Enquanto Lula Corre Atrás de Trump, o Mercado Brasileiro Grita uma Oportunidade Histórica
Confesso que quando vi a notícia do Lula tratando como certa uma reunião com Trump na Malásia, minha primeira reação foi pensar "lá vamos nós de novo com esse teatro diplomático". Mas sabe o que me incomoda de verdade? É que enquanto todo mundo fica obcecado com essas narrativas políticas, uma transferência de riqueza gigantesca está acontecendo bem debaixo do nosso nariz no mercado brasileiro.
Passei os últimos dias analisando dados que me fizeram questionar tudo que vejo na mídia financeira. O discurso oficial é de que o Brasil está numa crise sem precedentes, que a bolsa reflete um país falido, que Trump vai acabar com nossa economia. Mas quando olho o comportamento real dos empresários – não o que eles dizem, mas o que eles FAZEM com o próprio dinheiro – vejo uma história completamente diferente.
E aqui vai algo que raramente admito: posso estar completamente errado nessa análise. Mas os números que vou mostrar são tão gritantes que precisei escrever isso, nem que seja para alguém me provar o contrário nos comentários.

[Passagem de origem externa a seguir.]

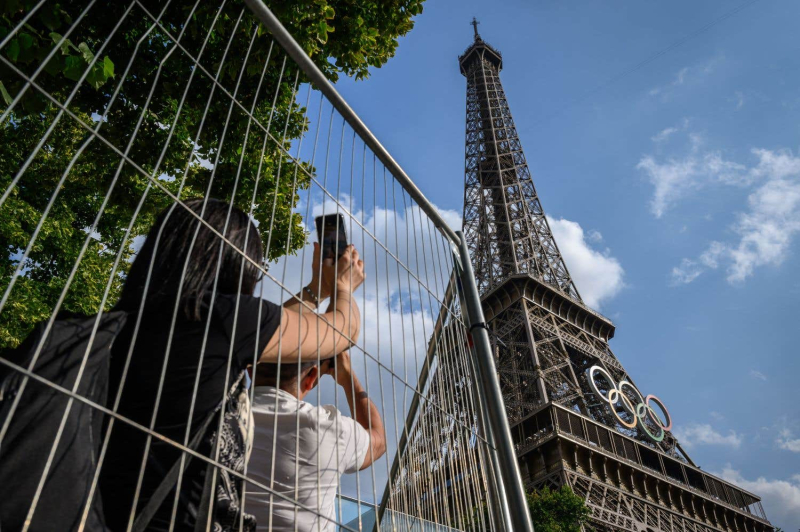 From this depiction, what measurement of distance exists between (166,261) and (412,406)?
122 centimetres

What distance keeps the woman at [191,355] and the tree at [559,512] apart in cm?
1552

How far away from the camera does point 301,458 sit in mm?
1557

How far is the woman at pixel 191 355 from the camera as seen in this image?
105 cm

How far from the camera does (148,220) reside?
621 centimetres

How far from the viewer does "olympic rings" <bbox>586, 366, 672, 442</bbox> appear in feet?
81.5

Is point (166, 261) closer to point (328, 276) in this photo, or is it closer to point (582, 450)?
point (328, 276)

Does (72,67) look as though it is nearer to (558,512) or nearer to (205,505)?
(205,505)

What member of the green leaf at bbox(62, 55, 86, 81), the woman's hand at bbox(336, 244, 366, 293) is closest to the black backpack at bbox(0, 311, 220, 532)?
the woman's hand at bbox(336, 244, 366, 293)

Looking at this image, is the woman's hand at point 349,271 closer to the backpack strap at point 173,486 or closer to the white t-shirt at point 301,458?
the white t-shirt at point 301,458

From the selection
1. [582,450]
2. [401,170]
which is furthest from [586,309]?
[401,170]

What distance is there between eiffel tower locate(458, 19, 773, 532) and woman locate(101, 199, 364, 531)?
764 inches

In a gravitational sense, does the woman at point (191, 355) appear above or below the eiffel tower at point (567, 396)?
below

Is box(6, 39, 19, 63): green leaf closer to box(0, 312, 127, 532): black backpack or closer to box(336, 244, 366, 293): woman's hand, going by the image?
box(336, 244, 366, 293): woman's hand

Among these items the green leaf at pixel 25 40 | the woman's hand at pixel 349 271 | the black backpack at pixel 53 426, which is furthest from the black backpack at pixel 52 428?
the green leaf at pixel 25 40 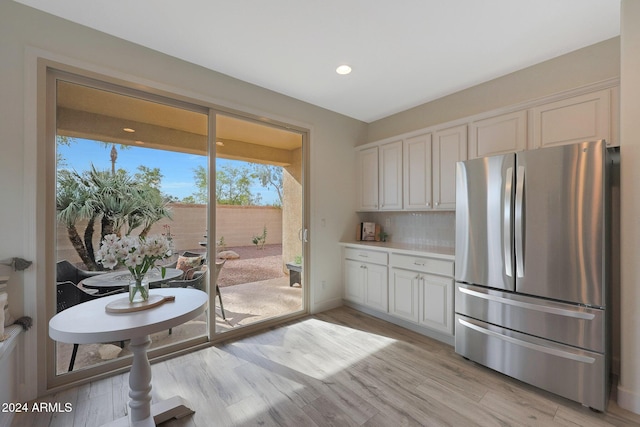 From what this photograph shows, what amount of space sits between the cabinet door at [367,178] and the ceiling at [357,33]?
112cm

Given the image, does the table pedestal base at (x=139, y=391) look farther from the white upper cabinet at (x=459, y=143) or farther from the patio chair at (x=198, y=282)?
the white upper cabinet at (x=459, y=143)

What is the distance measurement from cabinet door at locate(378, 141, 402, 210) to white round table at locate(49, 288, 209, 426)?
256 centimetres

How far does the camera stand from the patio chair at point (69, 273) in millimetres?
2074

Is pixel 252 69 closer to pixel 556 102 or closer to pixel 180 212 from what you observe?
pixel 180 212

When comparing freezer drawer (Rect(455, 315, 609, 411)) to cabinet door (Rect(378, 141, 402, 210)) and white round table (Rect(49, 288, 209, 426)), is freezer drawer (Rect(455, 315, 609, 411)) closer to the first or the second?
cabinet door (Rect(378, 141, 402, 210))

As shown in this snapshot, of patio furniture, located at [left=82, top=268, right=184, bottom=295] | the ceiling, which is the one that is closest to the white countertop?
the ceiling

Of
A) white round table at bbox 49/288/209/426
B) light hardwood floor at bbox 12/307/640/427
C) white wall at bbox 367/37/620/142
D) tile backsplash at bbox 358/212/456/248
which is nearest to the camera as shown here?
white round table at bbox 49/288/209/426

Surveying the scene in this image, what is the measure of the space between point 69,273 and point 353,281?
293 centimetres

⚡ LEITURA RÁPIDA (2 minutos):
- Enquanto Lula busca Trump, empresários brasileiros estão comprando suas próprias empresas de volta em escala histórica
- Mais de 15 fechamentos de capital nos últimos 3 anos – empresários recomprando ações que venderam caro por preços 50-70% menores
- Brasil não vê IPO há mais de 5 anos – até a Rússia em guerra tem mais aberturas de capital que nós
- PL da bolsa brasileira está em 8,61x, quase igual ao período mais crítico da pandemia (7,60x)
- O contraponto: Riscos fiscais, inflação e Trump são reais – mas podem estar sendo precificados em excesso
- Continue lendo para entender por que essa pode ser a maior transferência de riqueza dos ansiosos para os pacientes ↓
📊 O Paradoxo que Ninguém Está Discutindo
Deixa eu começar com uma pergunta que me tira o sono: se o Brasil está realmente tão ruim quanto o mercado sugere, por que os empresários estão fazendo fila para recomprar suas próprias empresas?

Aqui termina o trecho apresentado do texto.